I'm looking for a good explaination of the difference between the "new" Streams in Java 8 and the "old" I/O Streams we had before in Java 7. For someone without any knowledge of functional programming, it's hard to get that those are complete different things, especially because the names are the same. I get that the Stream API is something completely new and even revolutionary in some point, but in my naive thinking, in both cases we deal with sequences of "things", be it bytes, data or objects...
Can someone please offer a good explaination?
It has nothing to do with each other and I agree, it's bad luck that IO Streams had their name before the "new" Streams have arrived. The I/O streams were meant as connections to external resources, mostly files, but also others.

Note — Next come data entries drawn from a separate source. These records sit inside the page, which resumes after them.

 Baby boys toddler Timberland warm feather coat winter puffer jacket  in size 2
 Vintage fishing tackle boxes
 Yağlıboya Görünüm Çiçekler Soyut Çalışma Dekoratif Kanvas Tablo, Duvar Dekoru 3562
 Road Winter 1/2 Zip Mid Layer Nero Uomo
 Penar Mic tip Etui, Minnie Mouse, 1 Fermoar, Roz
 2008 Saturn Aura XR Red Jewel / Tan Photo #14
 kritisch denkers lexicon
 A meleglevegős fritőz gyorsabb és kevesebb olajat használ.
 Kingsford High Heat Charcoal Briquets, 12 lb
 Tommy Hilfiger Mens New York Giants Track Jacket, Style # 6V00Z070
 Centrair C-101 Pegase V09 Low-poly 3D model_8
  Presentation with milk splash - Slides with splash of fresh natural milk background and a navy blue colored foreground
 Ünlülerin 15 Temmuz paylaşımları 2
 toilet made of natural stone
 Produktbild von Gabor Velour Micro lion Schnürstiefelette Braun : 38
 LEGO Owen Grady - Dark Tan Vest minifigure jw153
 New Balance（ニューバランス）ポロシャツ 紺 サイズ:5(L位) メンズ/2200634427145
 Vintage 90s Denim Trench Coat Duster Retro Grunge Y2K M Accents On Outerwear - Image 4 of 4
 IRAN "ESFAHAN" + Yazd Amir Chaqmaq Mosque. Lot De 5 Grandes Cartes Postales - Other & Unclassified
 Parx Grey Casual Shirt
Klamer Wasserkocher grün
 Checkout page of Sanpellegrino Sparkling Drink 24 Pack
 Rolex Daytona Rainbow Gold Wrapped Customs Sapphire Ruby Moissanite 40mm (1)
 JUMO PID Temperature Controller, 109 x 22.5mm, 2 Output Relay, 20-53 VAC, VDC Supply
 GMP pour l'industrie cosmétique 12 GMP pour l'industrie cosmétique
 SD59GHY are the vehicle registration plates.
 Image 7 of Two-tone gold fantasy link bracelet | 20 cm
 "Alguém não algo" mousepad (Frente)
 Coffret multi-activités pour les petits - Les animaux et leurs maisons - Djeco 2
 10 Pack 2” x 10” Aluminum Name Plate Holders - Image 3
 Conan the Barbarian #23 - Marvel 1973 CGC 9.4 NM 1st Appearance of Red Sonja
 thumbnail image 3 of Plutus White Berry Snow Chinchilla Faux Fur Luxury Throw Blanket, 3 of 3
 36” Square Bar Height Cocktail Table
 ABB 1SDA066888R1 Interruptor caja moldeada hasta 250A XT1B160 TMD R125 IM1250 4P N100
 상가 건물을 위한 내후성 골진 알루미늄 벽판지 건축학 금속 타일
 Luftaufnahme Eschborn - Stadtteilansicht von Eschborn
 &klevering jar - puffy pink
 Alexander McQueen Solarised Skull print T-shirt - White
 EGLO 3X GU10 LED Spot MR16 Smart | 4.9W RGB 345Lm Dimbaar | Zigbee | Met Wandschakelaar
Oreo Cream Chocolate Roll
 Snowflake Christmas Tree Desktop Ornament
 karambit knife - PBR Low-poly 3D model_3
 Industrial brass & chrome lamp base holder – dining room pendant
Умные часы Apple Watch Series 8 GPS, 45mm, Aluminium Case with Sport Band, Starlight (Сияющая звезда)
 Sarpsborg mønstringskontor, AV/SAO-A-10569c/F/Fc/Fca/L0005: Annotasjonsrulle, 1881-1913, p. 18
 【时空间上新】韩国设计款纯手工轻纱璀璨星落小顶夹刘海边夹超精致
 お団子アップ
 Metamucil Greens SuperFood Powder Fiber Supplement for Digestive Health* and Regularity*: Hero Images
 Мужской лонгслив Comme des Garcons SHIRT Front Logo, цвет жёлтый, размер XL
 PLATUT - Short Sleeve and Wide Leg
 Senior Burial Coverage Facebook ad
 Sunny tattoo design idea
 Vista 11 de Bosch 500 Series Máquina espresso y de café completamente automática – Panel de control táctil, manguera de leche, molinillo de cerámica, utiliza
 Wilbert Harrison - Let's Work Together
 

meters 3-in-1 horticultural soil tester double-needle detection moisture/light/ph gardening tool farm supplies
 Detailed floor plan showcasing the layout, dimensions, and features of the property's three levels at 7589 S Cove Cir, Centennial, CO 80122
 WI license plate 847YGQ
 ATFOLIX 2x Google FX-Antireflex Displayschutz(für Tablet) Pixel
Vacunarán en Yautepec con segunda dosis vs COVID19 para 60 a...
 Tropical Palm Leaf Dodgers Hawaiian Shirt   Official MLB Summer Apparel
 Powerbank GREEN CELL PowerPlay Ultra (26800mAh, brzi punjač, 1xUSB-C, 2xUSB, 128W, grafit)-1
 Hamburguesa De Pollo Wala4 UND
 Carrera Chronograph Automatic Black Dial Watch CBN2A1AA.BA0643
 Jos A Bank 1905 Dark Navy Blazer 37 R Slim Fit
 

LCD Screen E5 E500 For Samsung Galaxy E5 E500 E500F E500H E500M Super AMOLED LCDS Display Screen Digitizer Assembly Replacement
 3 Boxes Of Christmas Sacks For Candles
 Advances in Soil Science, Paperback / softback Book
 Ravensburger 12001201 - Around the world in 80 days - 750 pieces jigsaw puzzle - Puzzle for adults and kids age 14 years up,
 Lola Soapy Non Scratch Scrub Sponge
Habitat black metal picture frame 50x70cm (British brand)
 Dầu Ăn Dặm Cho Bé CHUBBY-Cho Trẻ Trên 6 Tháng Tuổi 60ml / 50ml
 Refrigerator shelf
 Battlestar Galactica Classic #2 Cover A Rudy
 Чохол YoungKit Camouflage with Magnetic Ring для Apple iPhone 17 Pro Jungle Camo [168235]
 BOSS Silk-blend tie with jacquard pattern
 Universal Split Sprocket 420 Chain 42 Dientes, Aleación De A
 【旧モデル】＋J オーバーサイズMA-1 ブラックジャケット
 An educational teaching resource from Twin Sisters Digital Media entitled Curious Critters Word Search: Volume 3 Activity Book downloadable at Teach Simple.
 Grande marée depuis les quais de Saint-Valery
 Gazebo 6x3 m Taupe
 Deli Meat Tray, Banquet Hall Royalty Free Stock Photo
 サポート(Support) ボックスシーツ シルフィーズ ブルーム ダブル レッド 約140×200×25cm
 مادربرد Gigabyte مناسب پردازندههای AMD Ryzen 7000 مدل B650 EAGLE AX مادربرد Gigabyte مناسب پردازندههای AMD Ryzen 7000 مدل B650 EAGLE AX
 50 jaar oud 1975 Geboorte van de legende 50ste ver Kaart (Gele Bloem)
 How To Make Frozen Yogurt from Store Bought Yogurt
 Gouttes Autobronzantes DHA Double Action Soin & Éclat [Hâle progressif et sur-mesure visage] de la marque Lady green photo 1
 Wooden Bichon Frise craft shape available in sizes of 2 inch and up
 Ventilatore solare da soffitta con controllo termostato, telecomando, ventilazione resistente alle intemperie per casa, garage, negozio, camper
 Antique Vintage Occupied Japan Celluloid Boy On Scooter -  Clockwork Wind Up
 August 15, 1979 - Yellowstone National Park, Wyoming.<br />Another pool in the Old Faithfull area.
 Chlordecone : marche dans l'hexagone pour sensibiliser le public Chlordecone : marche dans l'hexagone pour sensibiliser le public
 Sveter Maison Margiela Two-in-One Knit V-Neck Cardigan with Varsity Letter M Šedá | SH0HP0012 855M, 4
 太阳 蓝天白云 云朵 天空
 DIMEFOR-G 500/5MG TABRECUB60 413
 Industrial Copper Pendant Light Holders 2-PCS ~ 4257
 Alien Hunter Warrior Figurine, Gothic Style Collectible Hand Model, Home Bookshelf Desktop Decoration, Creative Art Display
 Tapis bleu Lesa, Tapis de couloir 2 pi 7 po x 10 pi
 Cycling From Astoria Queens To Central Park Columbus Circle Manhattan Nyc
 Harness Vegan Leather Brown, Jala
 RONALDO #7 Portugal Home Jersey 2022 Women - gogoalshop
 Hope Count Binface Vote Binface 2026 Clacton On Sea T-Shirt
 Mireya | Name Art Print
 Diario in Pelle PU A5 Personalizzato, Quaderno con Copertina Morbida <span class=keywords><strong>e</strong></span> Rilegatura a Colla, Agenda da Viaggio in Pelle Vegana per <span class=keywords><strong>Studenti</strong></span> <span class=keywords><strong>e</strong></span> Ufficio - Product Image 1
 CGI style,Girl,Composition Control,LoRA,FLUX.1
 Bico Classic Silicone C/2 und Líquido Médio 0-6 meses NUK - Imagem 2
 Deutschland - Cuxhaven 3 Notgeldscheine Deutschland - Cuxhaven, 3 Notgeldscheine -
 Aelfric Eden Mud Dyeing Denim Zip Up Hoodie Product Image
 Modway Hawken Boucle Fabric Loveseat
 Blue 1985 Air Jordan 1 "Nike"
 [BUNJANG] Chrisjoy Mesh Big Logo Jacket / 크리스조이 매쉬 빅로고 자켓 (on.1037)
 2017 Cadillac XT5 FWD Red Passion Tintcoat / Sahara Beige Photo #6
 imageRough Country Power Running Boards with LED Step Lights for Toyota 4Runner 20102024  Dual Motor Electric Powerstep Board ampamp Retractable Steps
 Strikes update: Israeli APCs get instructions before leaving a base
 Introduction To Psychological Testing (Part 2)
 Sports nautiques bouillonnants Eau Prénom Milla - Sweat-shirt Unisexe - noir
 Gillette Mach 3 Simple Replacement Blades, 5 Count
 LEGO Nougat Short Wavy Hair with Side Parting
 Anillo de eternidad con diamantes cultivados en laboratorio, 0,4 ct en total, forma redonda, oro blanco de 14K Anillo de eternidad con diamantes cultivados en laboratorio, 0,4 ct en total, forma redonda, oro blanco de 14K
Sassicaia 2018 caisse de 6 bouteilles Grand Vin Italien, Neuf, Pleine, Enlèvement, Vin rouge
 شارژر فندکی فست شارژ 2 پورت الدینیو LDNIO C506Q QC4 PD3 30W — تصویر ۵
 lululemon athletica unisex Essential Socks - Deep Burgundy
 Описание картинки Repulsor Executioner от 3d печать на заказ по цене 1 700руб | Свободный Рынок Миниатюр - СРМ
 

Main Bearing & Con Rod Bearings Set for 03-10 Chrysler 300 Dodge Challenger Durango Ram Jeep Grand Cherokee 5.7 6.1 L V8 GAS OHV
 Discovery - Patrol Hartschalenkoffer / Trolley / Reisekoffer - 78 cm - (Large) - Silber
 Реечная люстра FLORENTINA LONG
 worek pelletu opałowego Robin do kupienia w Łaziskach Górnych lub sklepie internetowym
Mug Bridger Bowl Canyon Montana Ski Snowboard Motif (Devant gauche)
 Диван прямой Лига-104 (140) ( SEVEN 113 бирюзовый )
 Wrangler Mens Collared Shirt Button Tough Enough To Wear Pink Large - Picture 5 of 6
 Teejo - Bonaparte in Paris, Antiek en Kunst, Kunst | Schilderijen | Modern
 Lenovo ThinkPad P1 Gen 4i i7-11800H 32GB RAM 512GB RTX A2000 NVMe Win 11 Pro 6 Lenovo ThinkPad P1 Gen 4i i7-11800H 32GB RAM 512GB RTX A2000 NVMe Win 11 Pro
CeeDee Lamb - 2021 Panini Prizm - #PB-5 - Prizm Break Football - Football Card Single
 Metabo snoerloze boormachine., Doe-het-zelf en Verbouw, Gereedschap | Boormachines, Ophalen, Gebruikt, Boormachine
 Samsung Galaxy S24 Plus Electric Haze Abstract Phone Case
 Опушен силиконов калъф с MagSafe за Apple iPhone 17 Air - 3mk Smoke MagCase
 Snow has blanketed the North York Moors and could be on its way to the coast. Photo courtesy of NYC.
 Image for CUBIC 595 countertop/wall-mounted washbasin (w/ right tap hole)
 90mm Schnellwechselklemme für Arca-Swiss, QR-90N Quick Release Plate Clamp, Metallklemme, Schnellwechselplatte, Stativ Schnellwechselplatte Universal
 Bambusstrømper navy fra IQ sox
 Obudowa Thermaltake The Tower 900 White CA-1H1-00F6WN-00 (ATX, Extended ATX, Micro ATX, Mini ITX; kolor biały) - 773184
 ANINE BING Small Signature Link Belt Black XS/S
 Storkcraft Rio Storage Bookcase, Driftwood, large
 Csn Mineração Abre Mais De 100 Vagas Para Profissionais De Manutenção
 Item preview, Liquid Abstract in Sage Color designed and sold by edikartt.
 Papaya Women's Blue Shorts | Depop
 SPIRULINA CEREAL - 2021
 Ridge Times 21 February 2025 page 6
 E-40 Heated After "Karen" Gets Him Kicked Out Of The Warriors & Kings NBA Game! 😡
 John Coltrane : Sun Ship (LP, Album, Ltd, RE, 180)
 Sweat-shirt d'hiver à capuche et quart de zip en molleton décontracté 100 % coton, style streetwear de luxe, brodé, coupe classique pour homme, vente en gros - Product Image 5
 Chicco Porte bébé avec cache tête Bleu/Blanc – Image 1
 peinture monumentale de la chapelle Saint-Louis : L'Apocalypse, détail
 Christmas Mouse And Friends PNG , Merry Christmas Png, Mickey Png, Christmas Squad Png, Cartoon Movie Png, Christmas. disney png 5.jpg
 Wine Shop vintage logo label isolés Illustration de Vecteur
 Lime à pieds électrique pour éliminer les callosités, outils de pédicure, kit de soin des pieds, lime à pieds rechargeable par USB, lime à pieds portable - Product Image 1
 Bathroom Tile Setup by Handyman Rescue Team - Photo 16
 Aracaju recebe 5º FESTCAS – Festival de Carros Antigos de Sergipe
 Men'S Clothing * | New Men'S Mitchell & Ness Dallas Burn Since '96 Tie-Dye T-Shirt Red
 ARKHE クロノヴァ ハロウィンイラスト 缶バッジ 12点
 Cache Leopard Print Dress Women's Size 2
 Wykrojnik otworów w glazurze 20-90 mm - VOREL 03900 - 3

The new Streams are for functional programming and should be treated separately.
But you can actually use both concepts together. For example, a BufferedReader has a lines-method, which returns lines of a file (or other resources) as a Stream of Strings.
Let's take a look at the picture illustrated I/O stream.

There are three concerning concepts related to I/O stream: Source, Destination, and Element (represented by the letter 'e'), where
I/O streams are for reading content from a source, or writing the content to a destination. That's it, simple :-)
The new Stream concept introduced in Java 8 has nothing to do with I/O streams. Streams are not themselves data structures, but Classes that allow you to manipulate a collection of data in a declarative way (functional-style operation).